Principal Component Analysis

Overview

Principal Component Analysis (PCA) is a dimensionality reduction technique that is widely used in data science to simplify complex datasets while retaining their essential information. By transforming the original variables into a new set of uncorrelated variables called principal components, PCA allows us to identify the most significant patterns in the data. These principal components are ordered by the amount of variance they explain, with the first few components typically capturing the majority of the variability in the dataset. This reduction in dimensionality not only makes the data easier to visualize and analyze but also helps to mitigate issues related to multicollinearity in statistical models.

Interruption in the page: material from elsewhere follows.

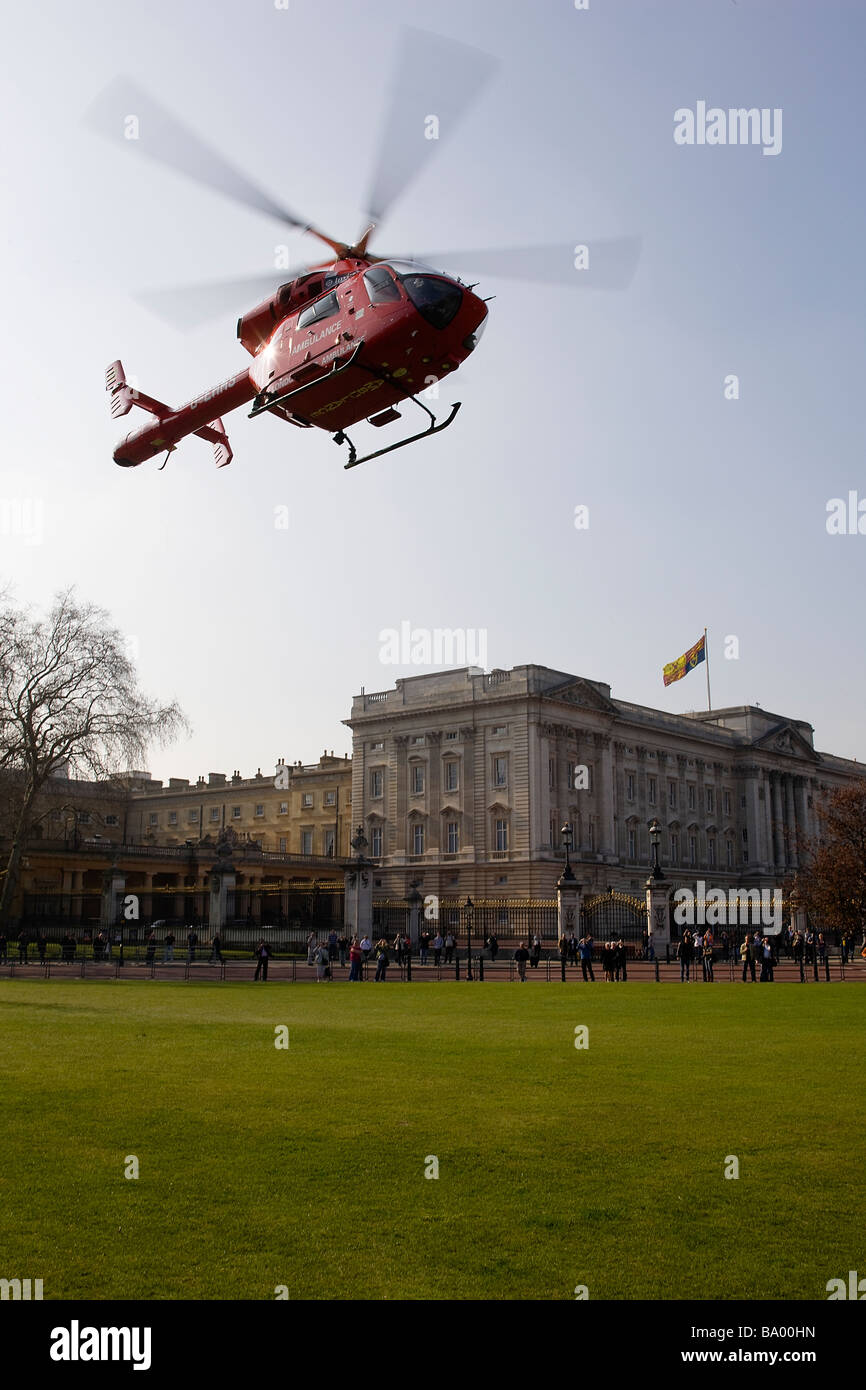 London's Air Ambulance HEMS décolle devant le palais de Buckingham après avoir répondu à une urgence Banque D'Images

By applying PCA, we can focus on the most influential aspects of the data, enabling more efficient and insightful analysis.

Data Prep and Code

There are a number of features in this dataset that are highly correlated, including some values that are directly related (for example, average, max, and min temperature). These values will be dropped.

Based on the first pass of PCA, it appears that both Bison Lake and McClure Pass are highly correlated (r: >0.98). To avoid multicollinearity, we will average the results of both stations and re-run analysis. We will also average soil moisture data based on depth. This will take our original 30 feature dataset down to eight key features.

Conclusion

The PCA done on the temperature, precipitation, groundwater, and snow water equivalent dataset revealed much about the data, and ultimately allowed us to trim down unneeded columns. Both the 3D and 2D plots indicate an even spread of data across each axis, indicating the effectiveness of the exercise. Six components out of the eight supplied features are needed to reach a 95% variance of the dataset. There is good and bad here: It's difficult to reduce the demensionality of the data, which may cause compute issues for future modeling steps; however, the data that was collected is generally independent and can most likely fully be utilized for our end goal of predicting streamflow.